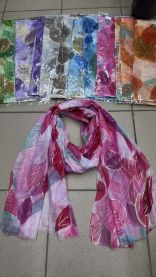 Szaliki damskie (uniwersalny/12szt)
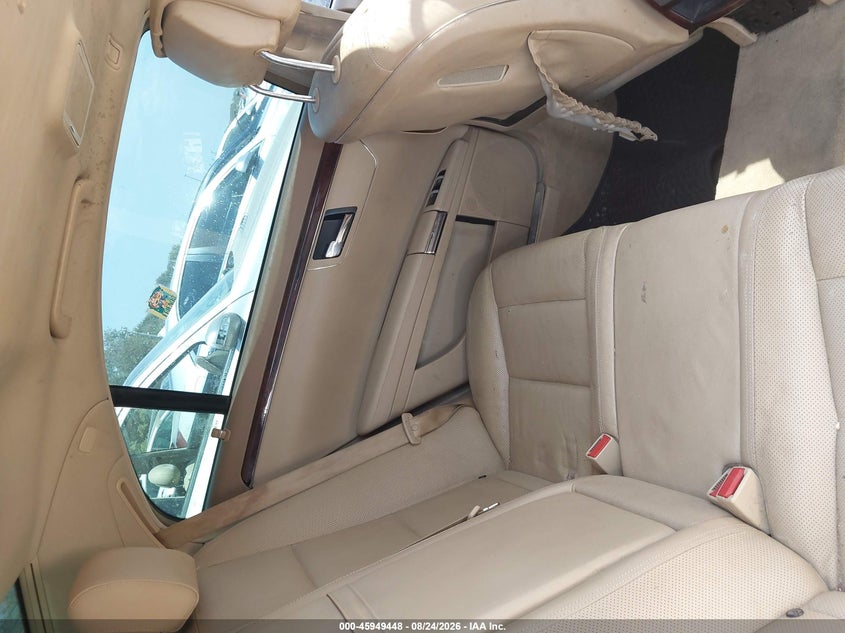 2010 MERCEDES-BENZ S 550 auction photo 8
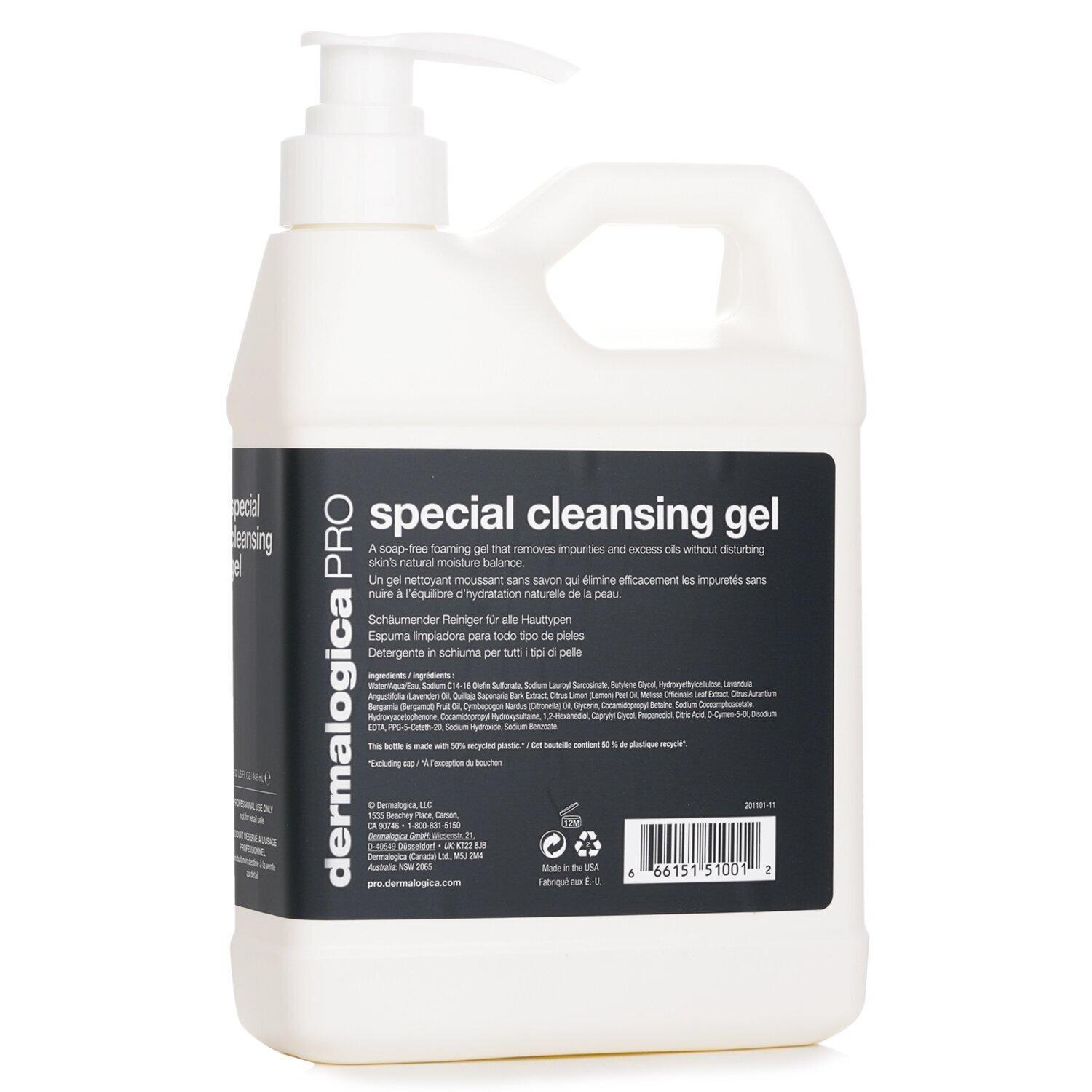 ダーマロジカ Dermalogica スペシャル クレンジング ゲル プロ (Salon Size) 946ml/32oz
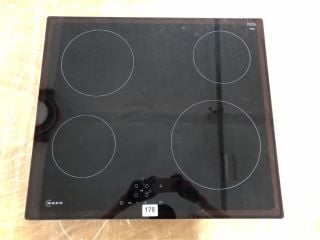 NEFF 59CM CERAMIC HOB MODEL: T16NBE1L - RRP.£449 (SEALED) (EX-DISPLAY)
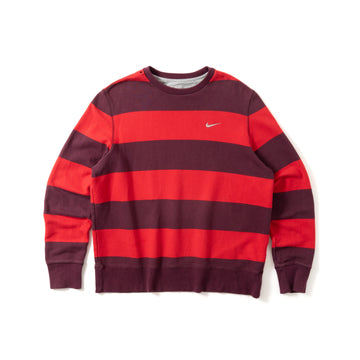 NIKE THE ATHLETIC DEPT STRIPED SWEATSHIRT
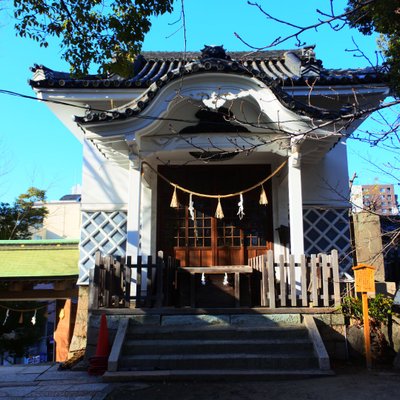 高津宮(高津神社)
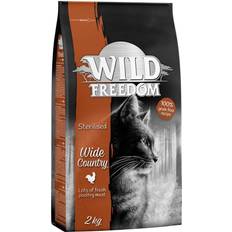 Wild freedom wide country Wild Freedom Wild Freedom Adult "Wide Country" Sterilised kattefoder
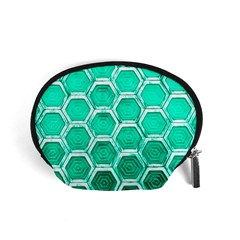 Hexagon Windows Accessory Pouch (small) by essentialimage365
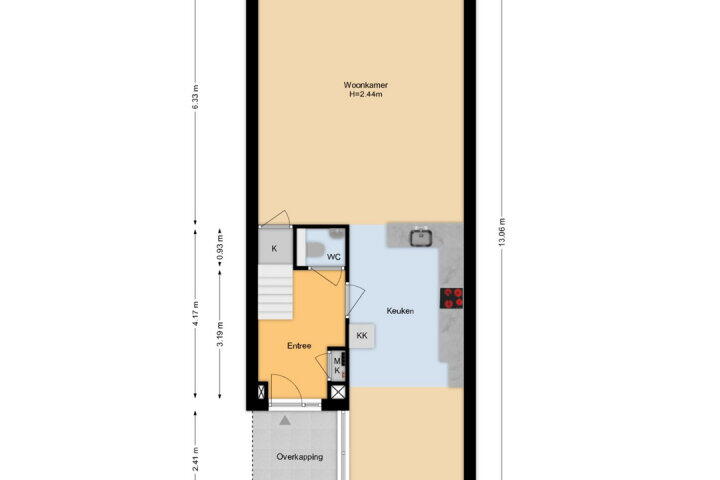 Plan – Jordaanstroom 38, Zoetermeer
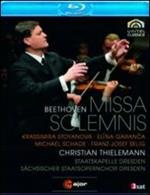 Ludwig van Beethoven. Missa Solemnis (Blu-ray)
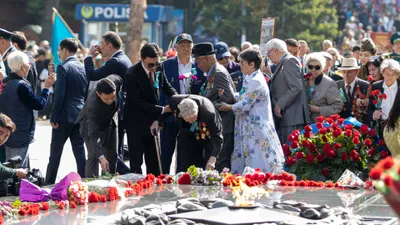 9 мая, День Победы, Вечный огонь, ветеран, ветераны ВОВ, сурет - Zakon.kz жаңалық 29.07.2025 14:32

———

In the answer, the entries must appear exactly as above, without the images.

 Szaliki damskie (uniwersalny/12szt)
 2010 MERCEDES-BENZ S 550 auction photo 8
 ダーマロジカ Dermalogica スペシャル クレンジング ゲル プロ (Salon Size) 946ml/32oz
 NEFF 59CM CERAMIC HOB MODEL: T16NBE1L - RRP.£449 (SEALED) (EX-DISPLAY)
 NIKE THE ATHLETIC DEPT STRIPED SWEATSHIRT
 高津宮(高津神社)
 Wild freedom wide country Wild Freedom Wild Freedom Adult "Wide Country" Sterilised kattefoder
 Hexagon Windows Accessory Pouch (small) by essentialimage365
 Plan – Jordaanstroom 38, Zoetermeer
 Ludwig van Beethoven. Missa Solemnis (Blu-ray)
 9 мая, День Победы, Вечный огонь, ветеран, ветераны ВОВ, сурет - Zakon.kz жаңалық 29.07.2025 14:32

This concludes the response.